Technology can help improve TB management: Experts

Aarti Dhar, CNS Correspondent, India
[First published in the India Saga
Simple technology, such as basic mobile phones, can help in improving TB management, experts suggest. At least two pilots, conducted in India, have shown increased adherence to treatment regimen and improved the notification of the disease, particularly in the private sector.

India has 2.6 million TB cases annually and as many as 1 million patients are still missed by the public health system. More than half the TB patients receive treatment in the private sector——ranging from unqualified doctors to corporate hospitals. The absence of standardization of TB treatment in the private sector, with no mechanism for monitoring and follow-up, there is a high percentage of patients dropping out of treatment, which is one of factors leading to drug resistance.

TB was declared a notified disease in India in May 2012 and the government created a specialized web portal—Nikshay—where TB cases are to be mandatorily reported. However, Dr Suneetha Narreddy, Senior infectious diseases expert at Apollo Hospitals Hyderabad, said that a study conducted in Mysore involving 2,500 private practitioners showed that 80% did not diagnose or treat TB. Of those managing the disease, 70% were not aware that TB was notifiable while those aware did not know the mechanism of notifying the disease and took shelter under the provision of privacy of patients in not notifying the disease as it identified the patients.

Dr Narreddy, shared that they had launched a pilot project wherein they engaged with private practitioners to upgrade their knowledge on diagnosis, including notification, of TB and management of TB and drug resistant TB.

Apollo Hospital created a software, which was connected with Nikshay and the TB patients who came to the hospital for treatment. Details and data of all TB patients was fed into the software which automatically went to the Nikshay site. The hospital also sent out regular SMS to the patients, reminding them of the medication, and IVRS calls twice a week to ensure that they stuck to the regimen. If there were some drop outs, they were contacted by the social worker and counseled about the importance of adhering to the regimen.

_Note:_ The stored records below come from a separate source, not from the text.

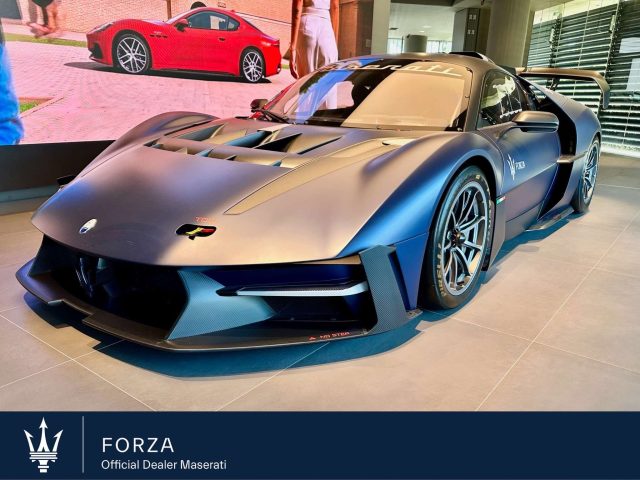 Maserati Other MCXtrema 3.0 V6 Nettuno 740cv rwd auto usato a VENARIA REALE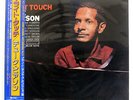 DUKE PEARSON RIGHT TOUCH BLUE NOTE BN4267 JAPAN OBI VINYL LP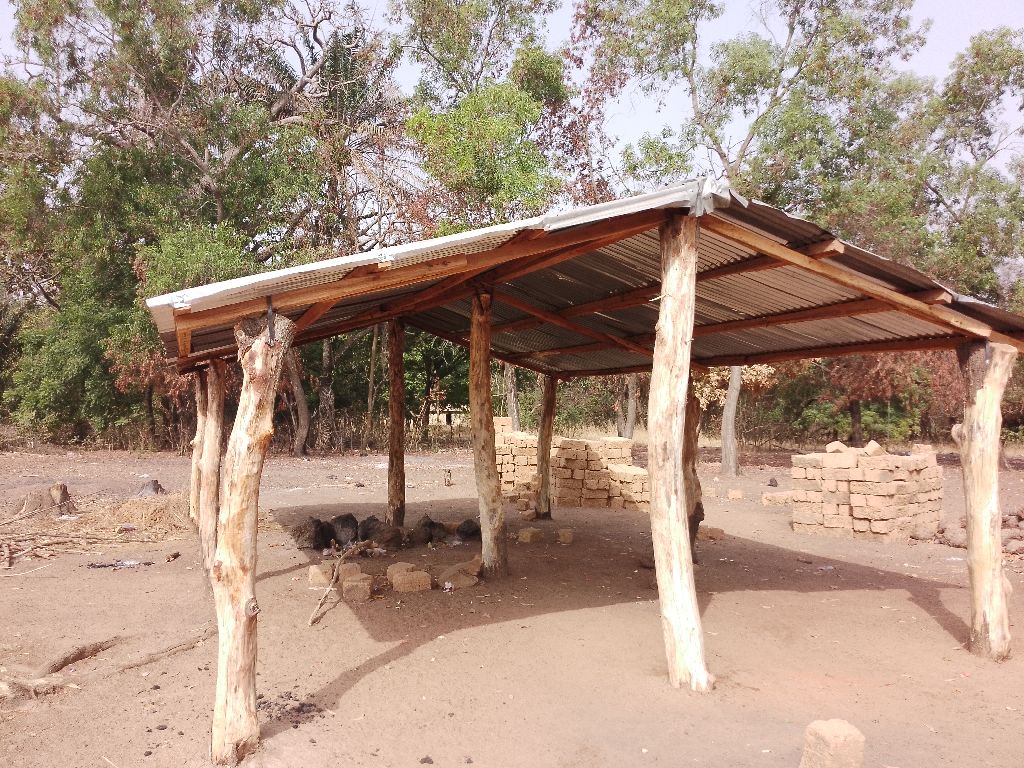 Photo de l'infrastructure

During June 2015 and March 2017, 500 cases of TB were notified with Nikshay. These included 17 multi drug resistant TB (MDR-TB) cases. Of the total number of cases, 151 successfully completed treated, treatment is going on in 203 patients, while 80 have shifted to other hospitals in the outskirts (Apollo is a tertiary care facility). Unfortunately, 11 stopped treatment, 27 died and 22 are not traceable.

Dr Narreddy said 94% had taken all doses though 6% had missed one or more doses. A feedback from 350 patients suggested that 93% found SMS and IVRS calls useful while 9% wanted reduced frequency of calls and SMS.

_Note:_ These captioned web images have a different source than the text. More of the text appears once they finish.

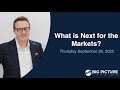 What is Next for the Markets? - MacroVoices #343 Postgame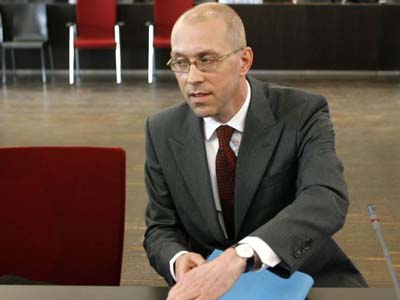 Στην Αθήνα ο Άσμουσεν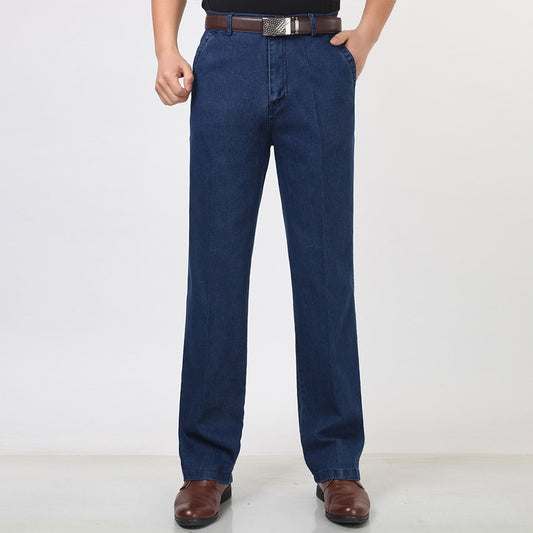 Men work jeans / straight pants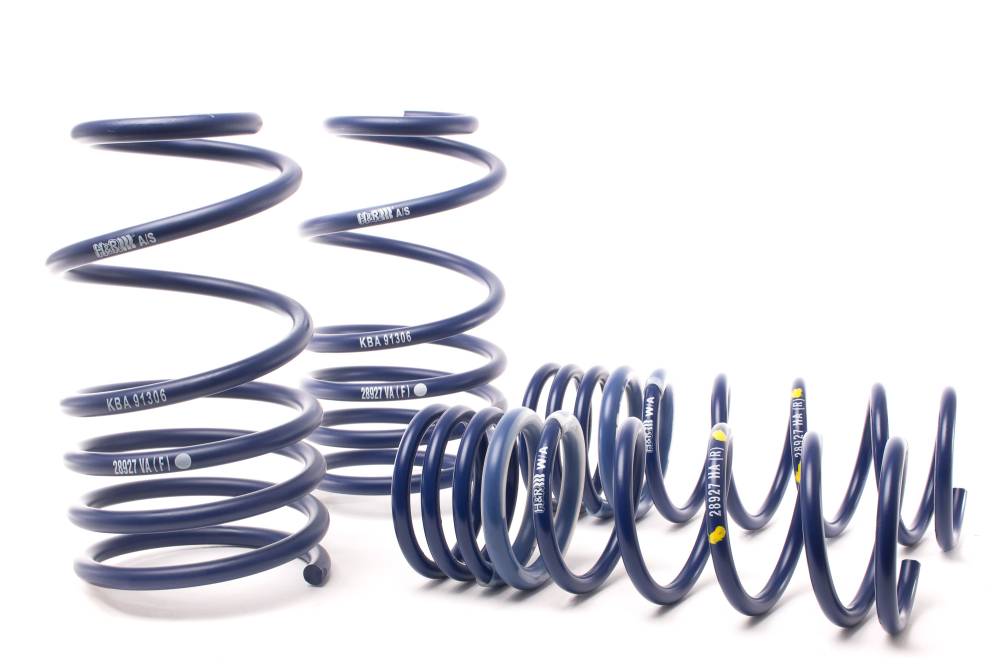 H/R Sport Lowering Springs (2013 Ford Focus ST)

Results of another pilot project conducted in three blocks of the tribal district Khunti in Jharkhand, covering a population of 45,000, suggested that diagnosis and treatment of TB was four times higher among those patients who used mobile application under the project, according to Dr Archana Trivedi, Senior Technical Advisor at the South East Asia Office of the International Union Against Tuberculosis and Lung Disease.

The mobile based application was provided to rural health care providers (RHCPs), NGOs and laboratory technicians to manage patient information and counseling.

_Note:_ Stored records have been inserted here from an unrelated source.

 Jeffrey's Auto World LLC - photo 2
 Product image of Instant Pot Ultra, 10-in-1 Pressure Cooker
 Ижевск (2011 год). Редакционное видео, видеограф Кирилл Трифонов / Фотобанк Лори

The RHCP feed the patient details into the mobile as soon as they came for testing. Once testing was done, the results of the test were sent by the lab technician to the patient as well as the RHCP. If the patient did not turn up for treatment within 7 days after the test report was provided, the RHCP would contact the patient and counsel him/her to come for treatment as well as the importance of sticking to the regimen.